ECHR fines Turkey over conviction of journalists
AFP PhotoThe European Court of Human Rights (ECHR) has ordered Turkey to pay 3,360 euros for violating freedom of expression, after the application of two journalists from daily Evrensel who were convicted for publishing an article containing a statement by an illegal armed organization.
The court ruled unanimously that there had been a violation of Article 10 (freedom of expression) of the European Convention on Human Rights and ordered Turkey to pay Ahmet Sami Belek and Savaş Velioğlu a total of 3,360 euros in pecuniary and non-pecuniary damages.
Belek is the proprietor and Velioğlu is the editor of Evrensel.

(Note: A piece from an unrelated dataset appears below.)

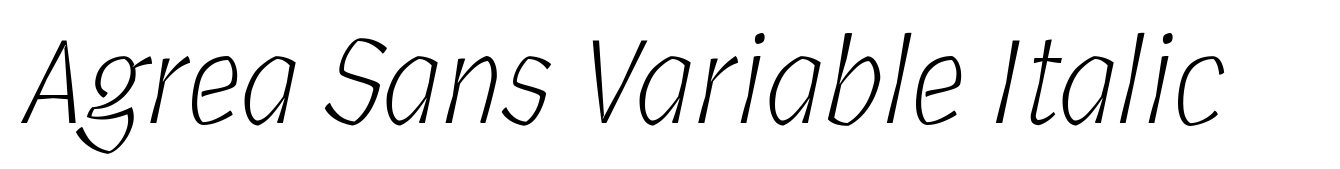 Agrea Sans Variable Italic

The two applicants were convicted by a Turkish State Security Court for publishing an article back in 2003 containing a statement by an illegal armed organization.
However, the ECHR found that the text did not contain any call for violence, armed resistance or insurrection and also did not amount to hate speech.
On May 21, 2003, Evrensel published an article containing a statement by members of the outlawed Kurdistan Freedom and Democracy Congress (KADEK), an affiliate of the outlawed Kurdistan Workers’ Party (PKK).
The public prosecutor issued an indictment against the newspaper on the following day, and on Dec. 10, 2003 a State Security Court ordered Belek and Velioğlu to pay fines equivalent to approximately 575 euros and 285 euros respectively. It also banned the publication of the newspaper for three days.
Belek and Velioğlu later appealed to the ECHR, relying on Article 6 (right to a fair trial) and Article 10 (freedom of expression) of the European Convention on Human Rights.